▶ _Web page caption snippets_
++++++

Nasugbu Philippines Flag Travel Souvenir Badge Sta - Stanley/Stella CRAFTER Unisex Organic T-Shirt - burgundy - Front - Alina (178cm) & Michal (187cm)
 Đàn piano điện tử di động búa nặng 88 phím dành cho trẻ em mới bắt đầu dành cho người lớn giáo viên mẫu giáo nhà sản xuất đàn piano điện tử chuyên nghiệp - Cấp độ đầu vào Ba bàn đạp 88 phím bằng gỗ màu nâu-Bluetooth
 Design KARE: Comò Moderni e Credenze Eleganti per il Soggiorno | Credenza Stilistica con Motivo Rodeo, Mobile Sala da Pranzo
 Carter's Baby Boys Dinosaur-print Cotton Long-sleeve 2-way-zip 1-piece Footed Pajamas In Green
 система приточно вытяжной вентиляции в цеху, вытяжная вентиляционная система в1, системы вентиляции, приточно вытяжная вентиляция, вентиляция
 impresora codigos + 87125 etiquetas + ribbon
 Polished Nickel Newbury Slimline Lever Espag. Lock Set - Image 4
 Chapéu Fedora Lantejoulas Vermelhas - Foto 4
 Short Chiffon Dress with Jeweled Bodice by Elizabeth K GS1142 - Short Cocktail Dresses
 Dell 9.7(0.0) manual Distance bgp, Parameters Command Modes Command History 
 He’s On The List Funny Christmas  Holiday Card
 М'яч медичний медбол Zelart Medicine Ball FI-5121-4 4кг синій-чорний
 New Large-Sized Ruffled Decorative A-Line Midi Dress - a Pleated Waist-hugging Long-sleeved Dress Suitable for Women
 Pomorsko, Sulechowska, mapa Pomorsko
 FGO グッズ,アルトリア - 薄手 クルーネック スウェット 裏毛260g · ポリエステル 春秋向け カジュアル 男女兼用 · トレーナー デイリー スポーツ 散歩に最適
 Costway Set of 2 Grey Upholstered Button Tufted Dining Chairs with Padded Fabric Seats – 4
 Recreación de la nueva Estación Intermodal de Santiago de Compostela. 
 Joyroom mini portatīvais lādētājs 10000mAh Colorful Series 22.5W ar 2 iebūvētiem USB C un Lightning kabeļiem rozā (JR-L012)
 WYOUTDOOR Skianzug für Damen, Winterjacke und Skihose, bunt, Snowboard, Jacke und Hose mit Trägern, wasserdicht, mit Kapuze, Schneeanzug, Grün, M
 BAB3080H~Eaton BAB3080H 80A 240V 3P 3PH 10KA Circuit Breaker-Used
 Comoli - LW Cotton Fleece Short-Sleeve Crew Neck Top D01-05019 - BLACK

++++++

▶ _Task brief_
Output only a verbatim copy of the lines spanning from the line that contains "WYOUTDOOR Skianzug für" to the end of the records above.

▶ _Answer box_
 WYOUTDOOR Skianzug für Damen, Winterjacke und Skihose, bunt, Snowboard, Jacke und Hose mit Trägern, wasserdicht, mit Kapuze, Schneeanzug, Grün, M
 BAB3080H~Eaton BAB3080H 80A 240V 3P 3PH 10KA Circuit Breaker-Used
 Comoli - LW Cotton Fleece Short-Sleeve Crew Neck Top D01-05019 - BLACK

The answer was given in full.